Как видно, потрясение, вызванное смертью Шуры, нарушило нестойкое равновесие, произвело непоправимый перелом в развитии болезни… Катастрофа была столь внезапной, что некоторые друзья не успели соизмерить последствий. 13 мая, то есть спустя уже недели три после вспышки гриппа, А. Толстой направил Федину письмо из Детского Села, выдержанное в прежнем духе самого беспечного жизнелюбия. Злополучная простуда, видимо, полагал он, давно уже прошла.
Сообщая о литературных делах, давая совет относительно романа «Похищение Европы», А. Толстой приглашал друга к себе за город – взглянуть на подготовку к тому, чтобы «лопать редис, укроп, картофель, салат, огурец и даже артишоки с наших грядок», звал «на тягу».
Но Федину было уже не до утиной охоты. Туберкулезный процесс быстро прогрессировал. Больной слабел, таял буквально на глазах. Наступало то, что специалисты именуют явлениями крайнего истощения.
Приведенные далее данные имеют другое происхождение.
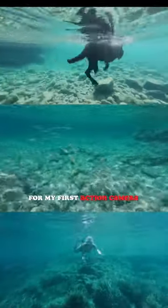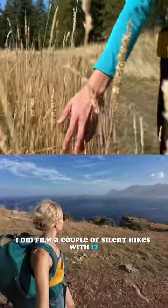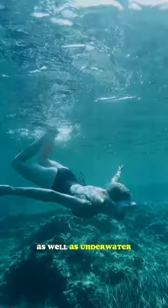For my first action camera, it did an outstanding job. I did film a couple of silent hikes with it. I think it did a wonderful job on the ground as well as in the water.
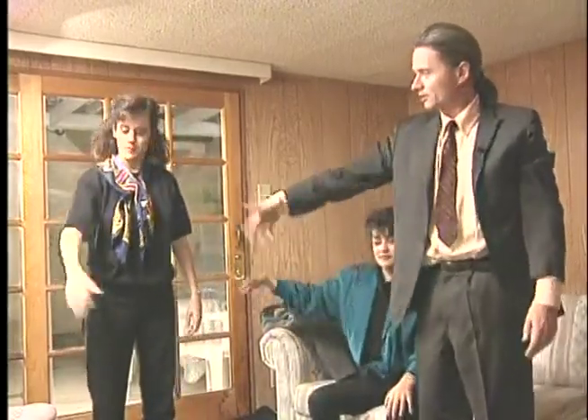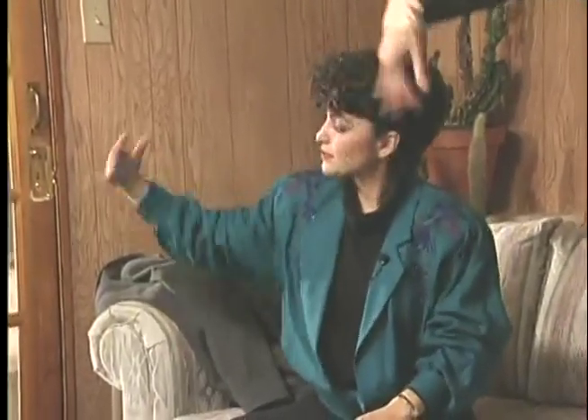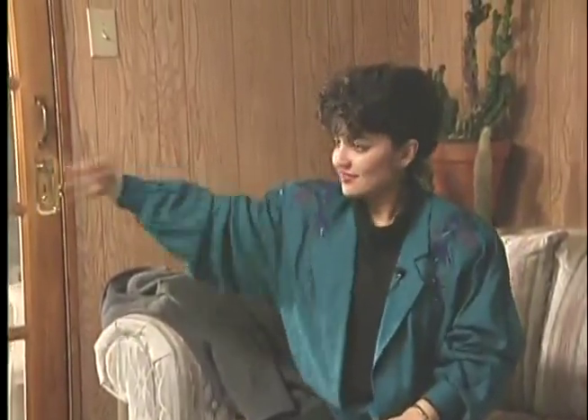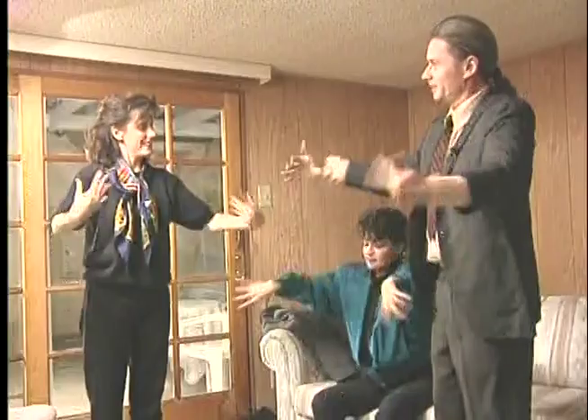Shaking — that's another thing we see animals do. Shake one arm. You've seen animals do this, haven't you? Dogs and cats do this kind of thing. Make sure the wrist is loose. Shaking the other arm. Both of them.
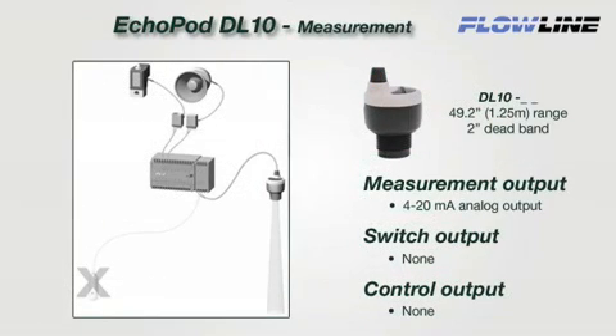The DL10 is a single-function sensor that provides continuous 4 to 20 milliamp level measurement only. This sensor has no relay switch or control functions. It's designed to replace contact measurement sensors such as continuous floats or pressure. The two-wire 4 to 20 milliamp signal is ideal for longer distances up to 1000 feet. Select this sensor for small tank process or inventory monitoring and applications connected to a PLC. Replace your contact switches and upgrade to measurement.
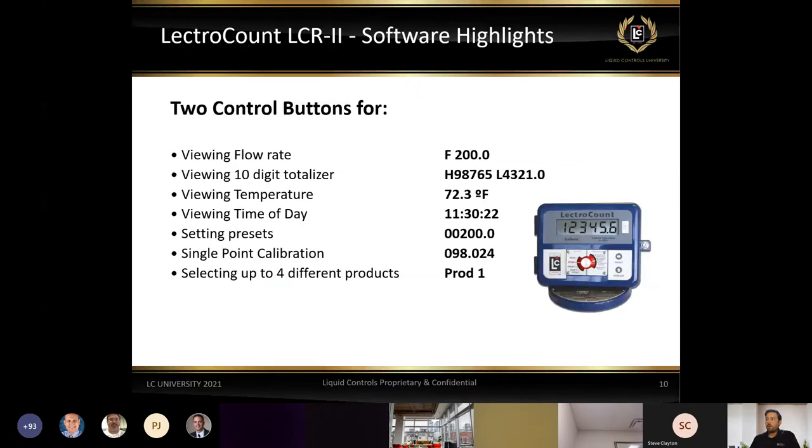On the LCR2 display, our typical screen shows gallons delivered as it goes through the meter. We also have the ability to view flow rate, totalizers of product through the register over time, temperature, and time of day. If we need to go in and do a preset — say a customer only wants 200 gallons — we can toggle up using the arrows on the right side of the LCR2, enter 200, start the delivery. At 200 gallons it'll close the valve, print the ticket, and the customer receives exactly what they needed.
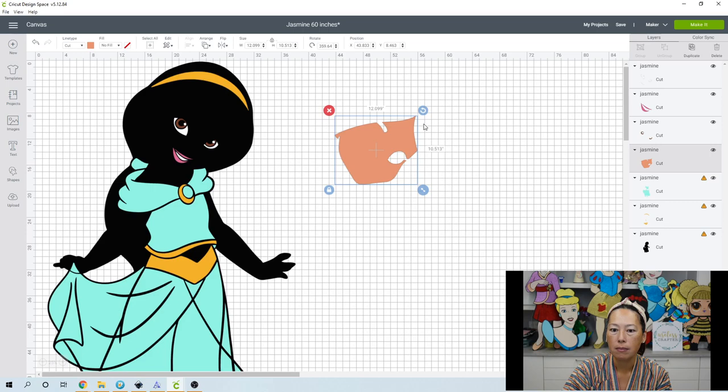As long as one side is less than 11.5, we can trick the Cricut. The Cricut only allows you to cut 11.5 by 11.5, but if you let it think you're putting in a 12 by 24 piece of cardstock, you can technically cut 11.5 by 12. The problem is this face piece is just slightly too big at 62 inches, so let's undo this.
Среди писателей Ленинграда появились тревожные слухи… При такой запущенной стадии болезни и быстро ухудшающемся состоянии наиболее эффективным средством при немногих других, которыми располагала медицина, оставалось климатическое лечение. Главные центры обуздания туберкулеза находились за рубежом – в Германии и Швейцарии – в Шварцвальде и Давосе. На таком срочном лечении, хотя бы в течение десяти месяцев, и настаивал консилиум врачей-фтизиатров.
Легко сказать – Шварцвальд, Давос!.. Но для этого, помимо врачебных справок, требовалось еще многое другое, и главное – валюта. Причем суммы немалые. Даже самое скромное пребывание в германской или швейцарской здравнице, как подсчитано было в одной из официальных бумаг о выезде писателя, обошлось бы в месяц от 1000 до 1100 немецких марок, что составляло 10–11 тысяч марок за десятимесячный курс лечения. Страна напрягала все силы для осуществления планов экономического строительства, на счету была каждая инвалютная копейка, а тут сразу одному человеку требовалось выделить 10–11 тысяч марок! Нет, заполучить такие деньги было непросто!
На лето 1931 года семья Фединых поселилась в деревне.
Места были избраны благословенные – пушкинское сельцо Вороничи на Псковщине. Вольно сбегающие с окрестных холмов и бескрайне синеющие лесные дали, смолистый воздух прогретой деревенской светелки, петушиное пение и мычание коровьего стада, парное молоко и неспешные прогулки до берега задумчиво-говорливой речушки – всему этому назначалось подкрепить действие лекарственных средств, которыми располагала медицина.
От тех месяцев сохранилась портретная фотография 39-летнего писателя. Несмотря на явные усилия больного не поддаваться недугу и даже некоторую браваду перед глазком объектива, это грустный и печальный снимок. Холщовая деревенская роба, которая всякого, пожалуй, в таком возрасте скрасит и обратит в добра молодца, бесформенно повисла на исхудалых плечах. Матов цвет лица, русая скоба жестко топорщащейся бородки, лихо бритой под скандинавского шкипера, лишь резче выделяет обескровленную белизну кожи, еще неуместней и беззащитней делает обезволенный взгляд прозрачных глаз. Писатель медленно угасал.